Port Royal - Madras, IN

One of the great traditions of trips to India is the truly disgusting food that’s available at the airport in Madras as you wait to fly back west.  You’re bleary-eyed, struggling to stay awake as you wait for your 1-2 A.M. flight back to either Singapore, Brussels, London, or Frankfurt.  Port Royal is the latest iteration of airport diner in Madras as you wait for your flight to leave.
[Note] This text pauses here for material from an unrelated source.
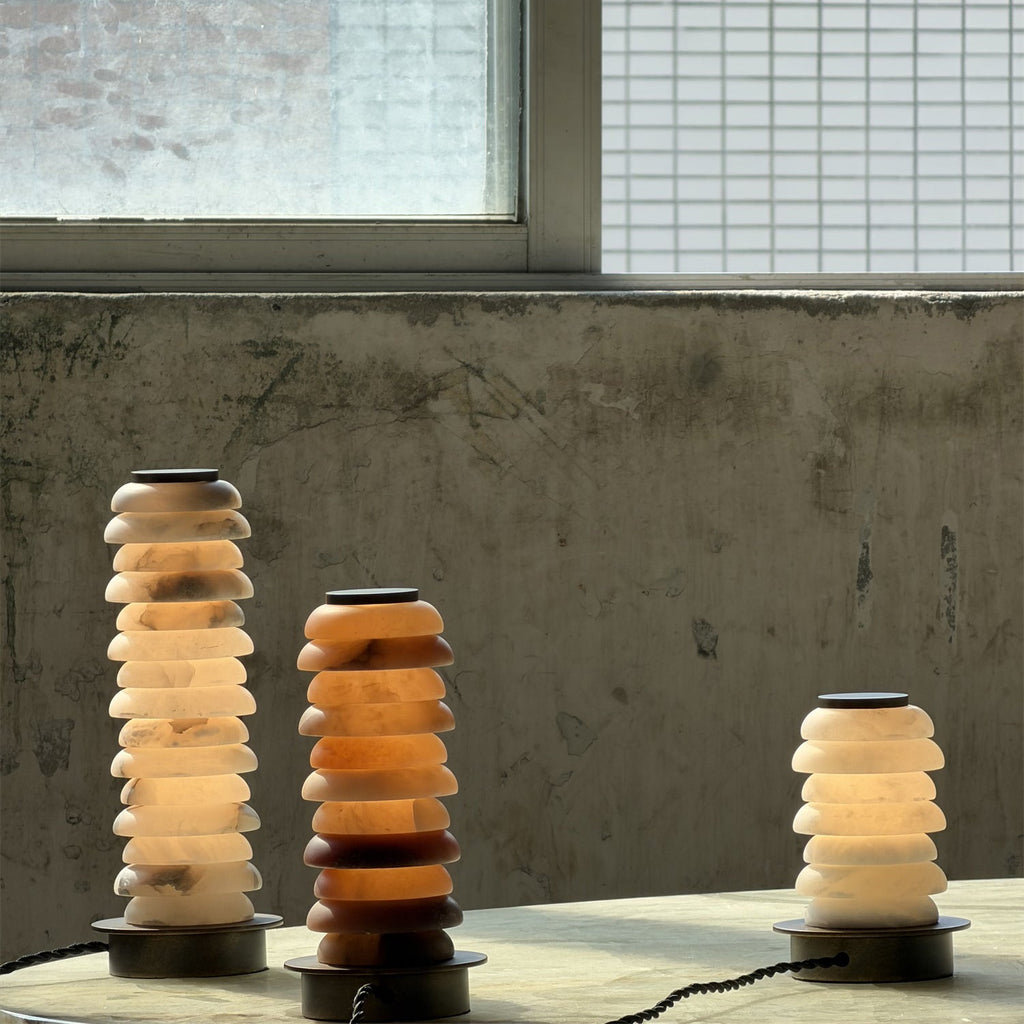 Payson Table Lamp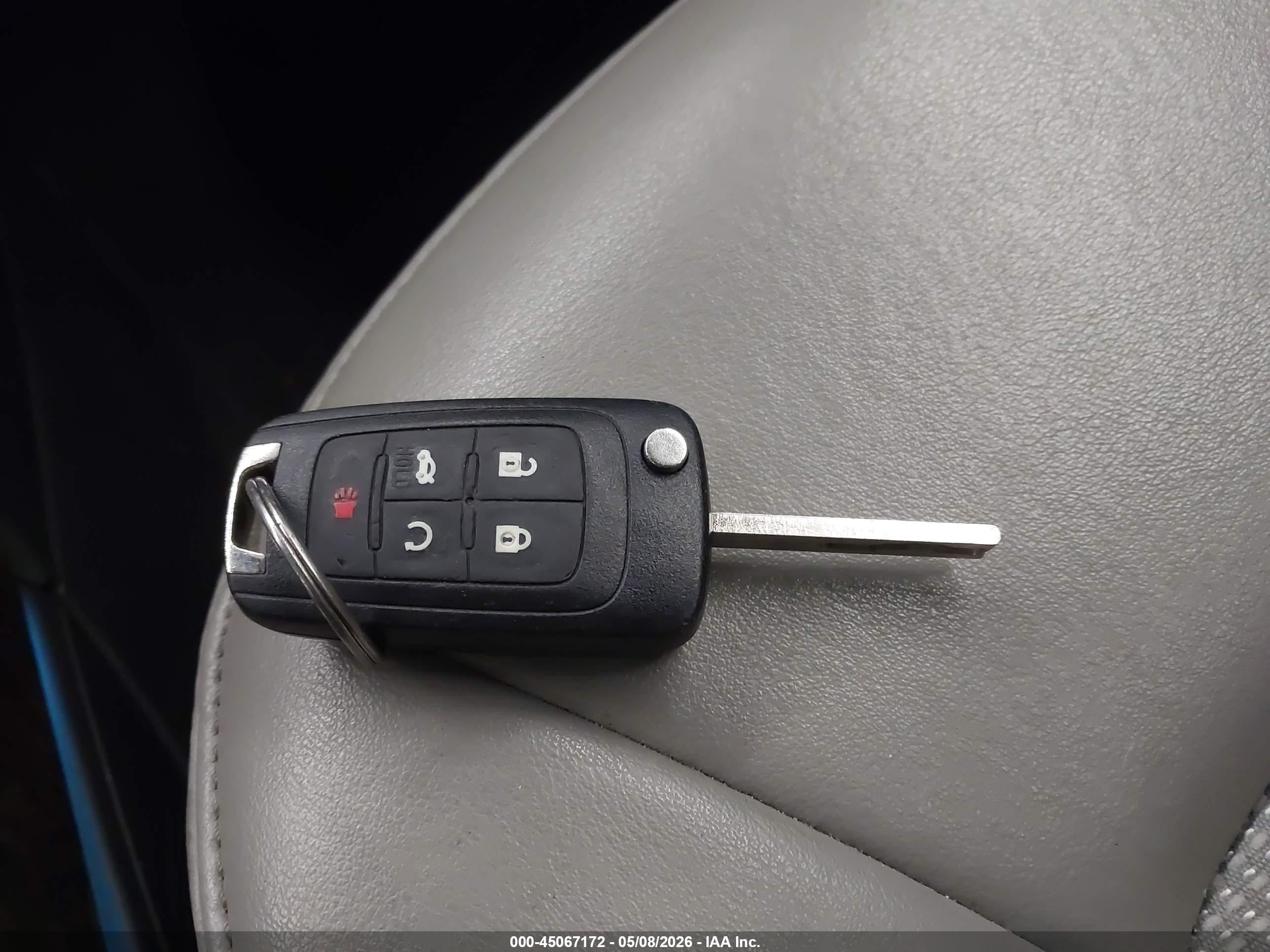 2013 Buick Verano Convenience Group Black vin: 1G4PR5SK3D4118621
As I waited for my flight at midnight, my last meal being at 9 PM, I was hungry and needed some energy to get me through the extra two hours before my flight actually left.  There were many options for vegetarians to eat at Port Royal, including a “veggie” sandwich (two slices of wonderbread with tomatoes and cucumber), a cheese puff, and a masala puff.  Considering the name of this blog is “Cheese Sandwich”, I figured it would be apropos to actually order the cheese sandwich.  As much as I complain about other place’s cheese sandwiches, Port Royal’s is probably the worst.  It is literally just cheese and bread, with the bread being disgusting white bread, and the cheese being processed cheddar.  But they do give you a packet of ketchup with it!  I don’t understand India’s obsession of adding ketchup to anything that has cheese (including pizza), but it did actually make this sandwich slightly palatable.  Nevertheless, if you’re in Madras Airport, there are very little options (there is a cafe, but it doesn’t look like anybody works there at 1 AM), so this disgusting cheese sandwich will have to do.  Make it one and a half disgusting cheese sandwiches.

03

Oct

Adventures in Eating: Wedding Food

One of the great banes of my childhood was trying to eat food with my hands off of a banana leaf at weddings I would attend. Ultimately, you’ve not experienced true Indian dining unless you’ve eaten on a banana leaf.  There are so many factors to contend with when eating off a banana leaf - liquid running off the leaf, sweet and savory mixing together, and fans blowing the leaf away. These concerns may seem bizarre to you, but you likely eat most of your meals from a ceramic or metal plate (lucky).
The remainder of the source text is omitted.